Finally, there is the question of the price at which this gas will be exported, or rather of the indexation, oil or spot. The only LNG project recently sanctioned in North America, Sabine Pass, will be based on Henry Hub indexation, but it is sourcing its supply on the wider U.S. gas market, while the Canadian LNG projects will depend on the more dedicated—and still to be developed—sources of gas supply in western Canada.
International oil companies involved in these LNG export projects may prefer the traditional oil indexation, similar to what has taken place in Australia, but if Asian buyers are involved in the project, they may push towards spot indexation, either Henry Hub or its Canadian brother, AECO. Unlike in North America and Europe, there is no spot price in Asia. The IEA has been recently working on a report looking at how a spot market could be developed in Asia. This report will be issued in early 2013.
Second, there is oil. Canada is also an oil-rich country. Let us now have a look at the development of oil resources, notably oil sands.

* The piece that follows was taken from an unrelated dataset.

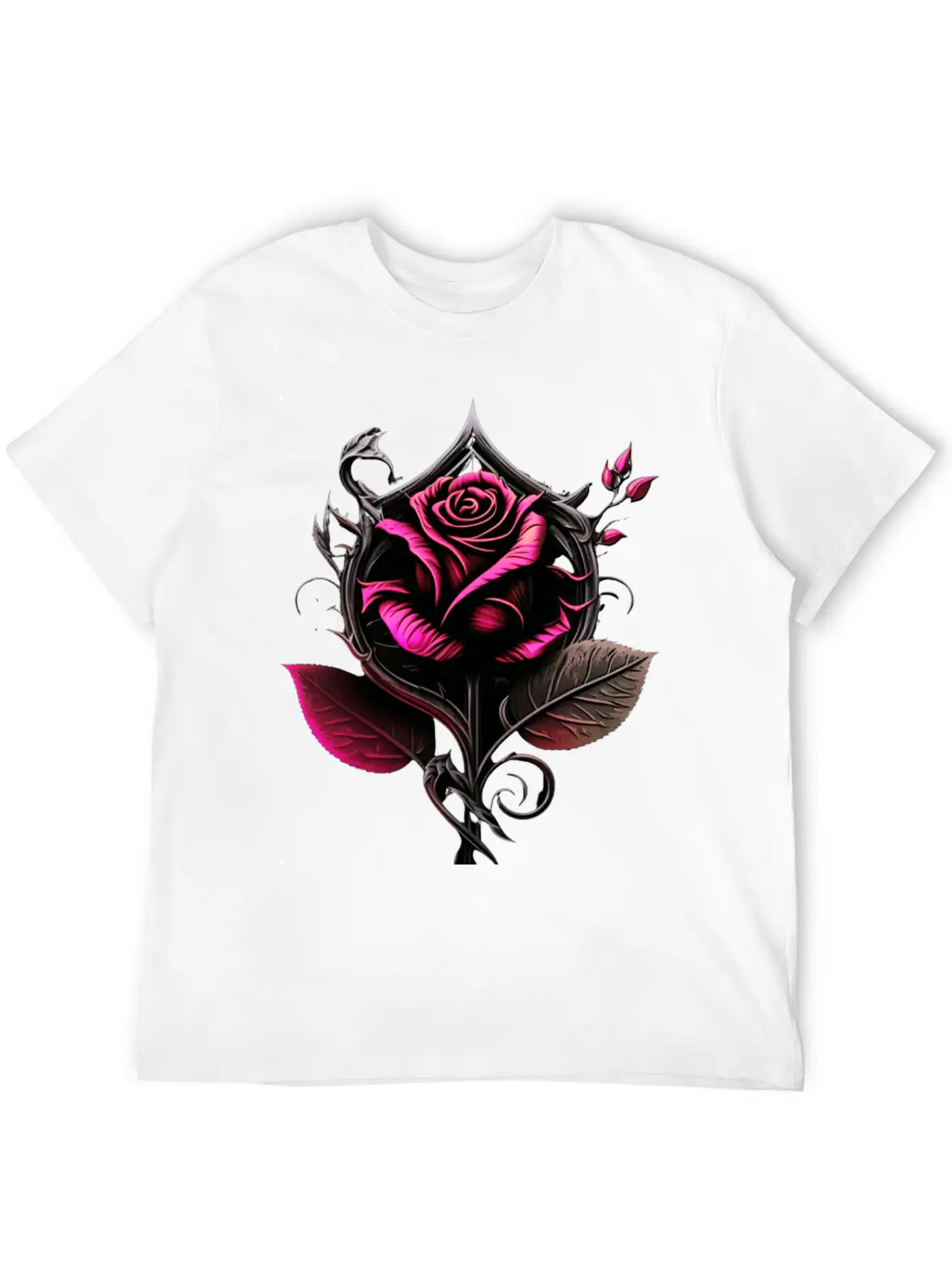 Pink Rose Breathable Graphic T-Shirt – Perfect For Casual Days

In the medium term, the production of oil sands is expected to increase by 1.1 million barrels per day to 4.6 million barrels per day by 2017. Increasing volumes of Canadian bitumen production will still find their way to U.S. markets as heavy oil refining capacity is added, but Canadian producers will have to seek new markets and new transport solutions.
Looking forward, there are clearly political and local constraints to expanding, reversing, and/or building new pipelines. It is clear that Canada, along with the provinces, is looking for new options, but in the meantime output is rising quickly. Tight pipeline capacity is one of the major reasons that Canadian crudes are priced at a discount to WTI, but the spike in the discounts has hurt Canadian producers’ bottom line this year, and companies are now openly questioning to what extent they will remain a fixture in the market in 2013 and the medium term.

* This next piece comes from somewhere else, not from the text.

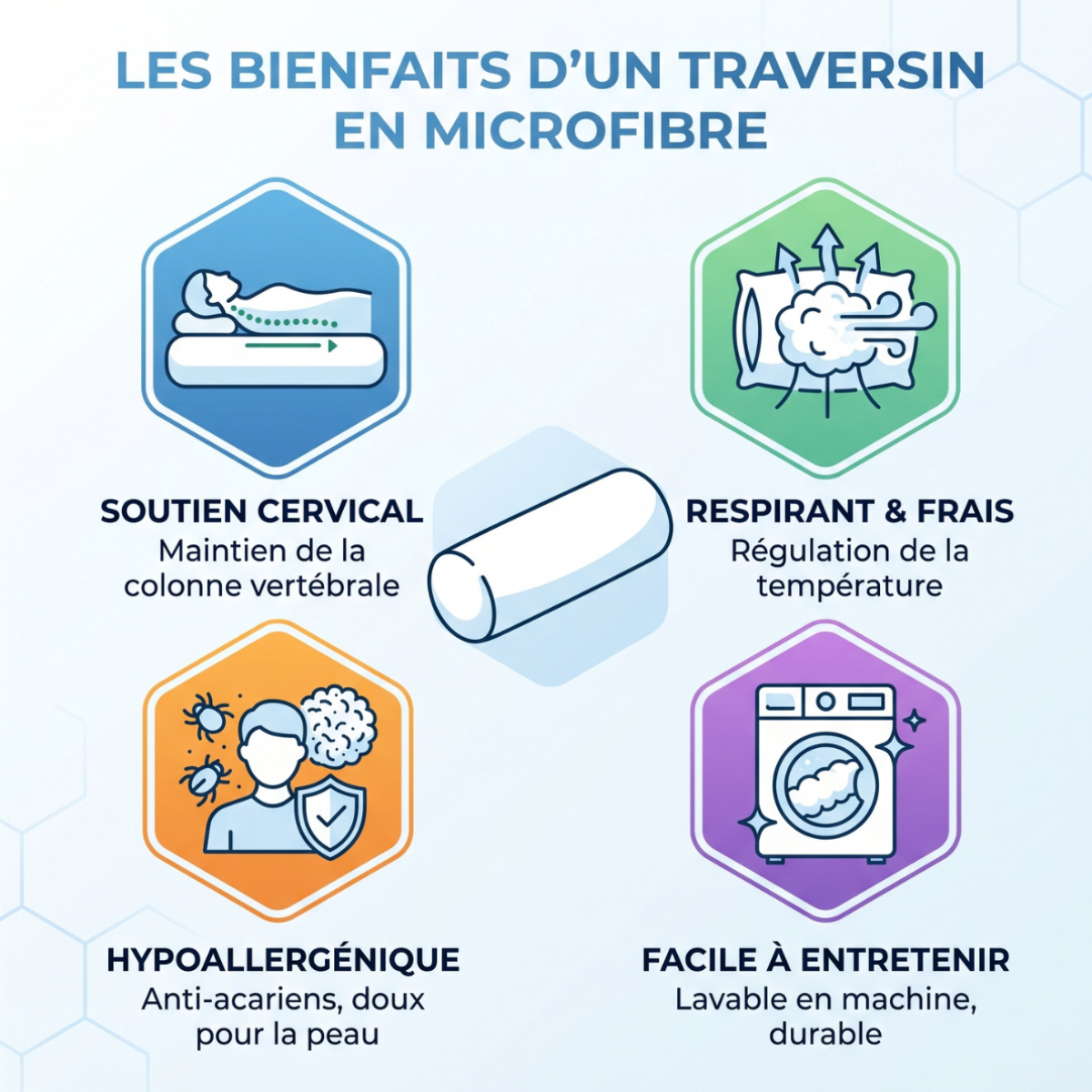 Traversin Confort Microfibre Housse TPE 3D - Collection Douillet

Canadian oil sands are set to play a key role in the medium term by raising the non-OPEC supplies by an additional 1.1 million barrels per day. That's the second-largest source of growth among the non-OPEC countries besides the United States, but Canada's projects will compete for financing, labour, and takeaway capacity with the rising output of tight light oil in the United States. As a result, these constraints and market dynamics are expected to delay around 200,000 to 300,000 barrels per day of Canadian oil sands output to beyond the 2017 timeframe.

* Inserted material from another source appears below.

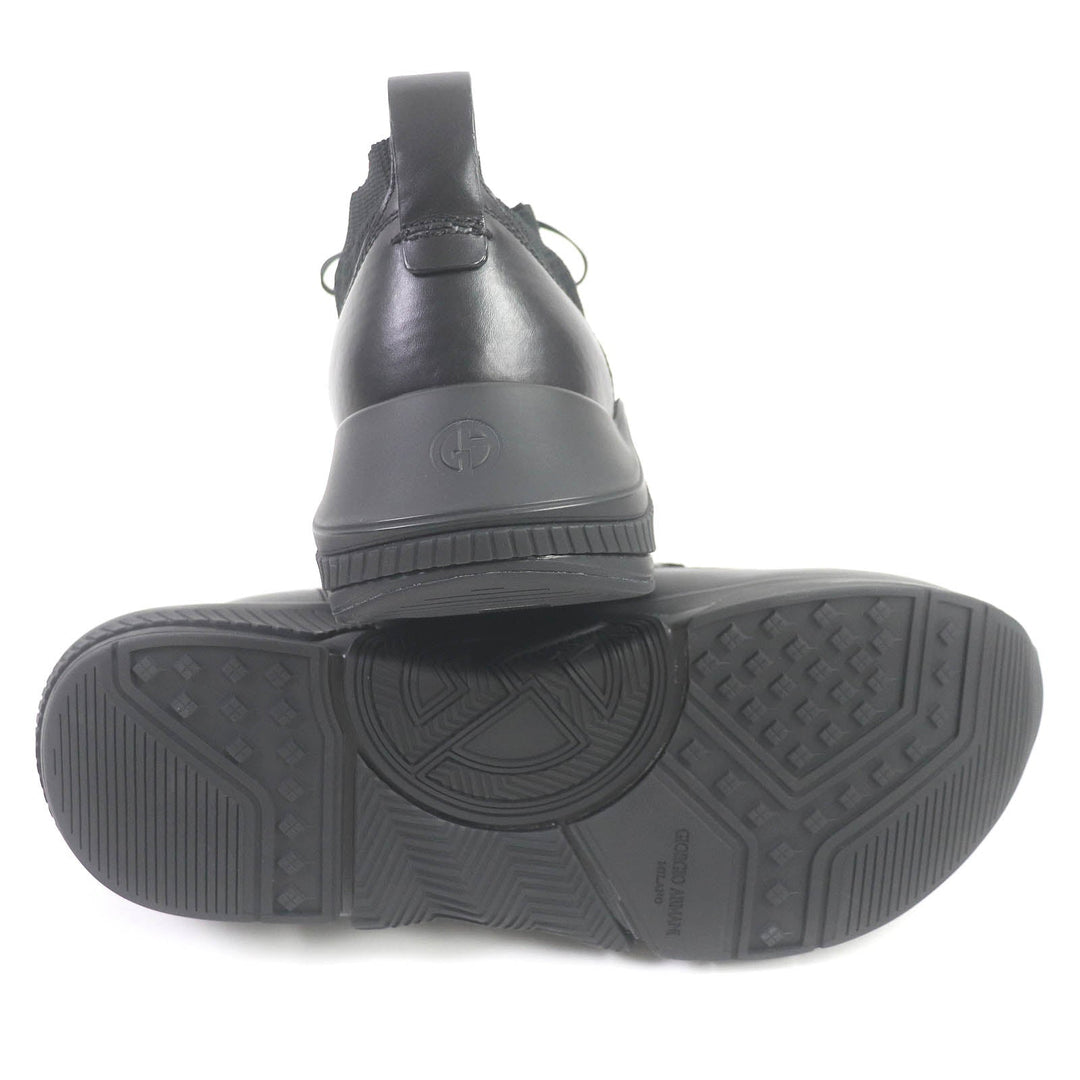 GIORGIO ARMANI Low cut sneakers Leather, Knit black mens 11 Used Authentic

Canada should be commended for its proactive approach to improving the social licence to produce from world-class oil sands resources. Now the challenge moves outside Alberta. The solutions of minimizing environmental and social impacts are based on technological and process innovation, and I want to recognize and commend the efforts industry is making in these areas, especially through such collaborative efforts as COSIA, but I urge industry to redouble those efforts and I remind you that the onus is on producers.
My point with regard to responsible unconventional oil and gas production is simple. This is not just good PR, it is good business. It is in all our interests that these industries remain healthy and welcome to operate.
Third, let me turn to energy efficiency. The release of the World Energy Outlook this month highlights the vast scale of what we call “the hidden fuel”, the energy efficiency. Despite the vast scale and high economic returns, it's not always easy to engage all the different consumers and decision-makers in the imperative to improve energy efficiency.
Canada has higher energy intensity, adjusted for PPP, than any IEA member country. This is largely due to its concentration of output in energy-intensive sectors: cold climate, large distances, and high standard of living. Final energy consumption has grown continuously over the past decade, though at a lower rate than the economy as a whole.
Canada's energy intensity, adjusted for PPP, has declined on average by 1.4% between 1990 and 2009 due mainly to the energy efficiency improvements, and this improvement in energy efficiency, led by the Office of Energy Efficiency at Natural Resources Canada, is the progress IEA is delighted to see.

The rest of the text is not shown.